TASK PROMPT
Exactly as written, copy the lines that run from the start of the data below to the line containing "ZUEVI Women's Sweater", both ends included.

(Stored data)
****************

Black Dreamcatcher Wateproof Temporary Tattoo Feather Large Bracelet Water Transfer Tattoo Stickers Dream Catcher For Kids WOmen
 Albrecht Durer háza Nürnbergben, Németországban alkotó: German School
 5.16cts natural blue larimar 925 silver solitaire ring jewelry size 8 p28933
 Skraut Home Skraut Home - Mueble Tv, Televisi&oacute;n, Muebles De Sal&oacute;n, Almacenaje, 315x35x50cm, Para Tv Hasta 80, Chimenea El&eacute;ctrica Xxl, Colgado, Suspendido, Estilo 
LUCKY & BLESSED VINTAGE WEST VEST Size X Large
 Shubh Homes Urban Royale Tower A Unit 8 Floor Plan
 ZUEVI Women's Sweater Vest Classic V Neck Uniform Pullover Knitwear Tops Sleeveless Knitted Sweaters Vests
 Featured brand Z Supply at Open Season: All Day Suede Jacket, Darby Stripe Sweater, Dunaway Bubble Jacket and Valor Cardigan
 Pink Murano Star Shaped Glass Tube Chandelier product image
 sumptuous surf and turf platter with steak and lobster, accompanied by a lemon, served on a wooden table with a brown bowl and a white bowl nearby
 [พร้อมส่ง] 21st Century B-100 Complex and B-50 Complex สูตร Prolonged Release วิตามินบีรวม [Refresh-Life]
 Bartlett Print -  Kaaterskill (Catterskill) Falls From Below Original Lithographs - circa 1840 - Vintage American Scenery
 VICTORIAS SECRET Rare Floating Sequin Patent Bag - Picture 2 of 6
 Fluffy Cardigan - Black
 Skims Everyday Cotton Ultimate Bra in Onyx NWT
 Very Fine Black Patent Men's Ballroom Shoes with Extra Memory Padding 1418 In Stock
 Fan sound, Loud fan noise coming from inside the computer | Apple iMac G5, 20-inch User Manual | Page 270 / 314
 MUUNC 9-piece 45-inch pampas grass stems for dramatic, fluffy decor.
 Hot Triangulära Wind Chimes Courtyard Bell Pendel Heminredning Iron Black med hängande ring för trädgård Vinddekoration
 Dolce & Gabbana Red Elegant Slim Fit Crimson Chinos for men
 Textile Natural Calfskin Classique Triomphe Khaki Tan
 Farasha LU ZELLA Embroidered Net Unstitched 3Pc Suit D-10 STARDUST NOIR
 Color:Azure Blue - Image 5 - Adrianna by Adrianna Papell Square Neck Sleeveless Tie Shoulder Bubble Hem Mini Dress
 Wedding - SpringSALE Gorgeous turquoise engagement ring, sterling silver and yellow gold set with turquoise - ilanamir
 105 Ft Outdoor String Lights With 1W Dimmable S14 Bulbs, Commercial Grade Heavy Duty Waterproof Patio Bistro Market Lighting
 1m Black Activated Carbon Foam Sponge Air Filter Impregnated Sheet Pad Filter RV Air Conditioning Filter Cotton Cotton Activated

****************

REPLY
Black Dreamcatcher Wateproof Temporary Tattoo Feather Large Bracelet Water Transfer Tattoo Stickers Dream Catcher For Kids WOmen
 Albrecht Durer háza Nürnbergben, Németországban alkotó: German School
 5.16cts natural blue larimar 925 silver solitaire ring jewelry size 8 p28933
 Skraut Home Skraut Home - Mueble Tv, Televisi&oacute;n, Muebles De Sal&oacute;n, Almacenaje, 315x35x50cm, Para Tv Hasta 80, Chimenea El&eacute;ctrica Xxl, Colgado, Suspendido, Estilo 
LUCKY & BLESSED VINTAGE WEST VEST Size X Large
 Shubh Homes Urban Royale Tower A Unit 8 Floor Plan
 ZUEVI Women's Sweater Vest Classic V Neck Uniform Pullover Knitwear Tops Sleeveless Knitted Sweaters Vests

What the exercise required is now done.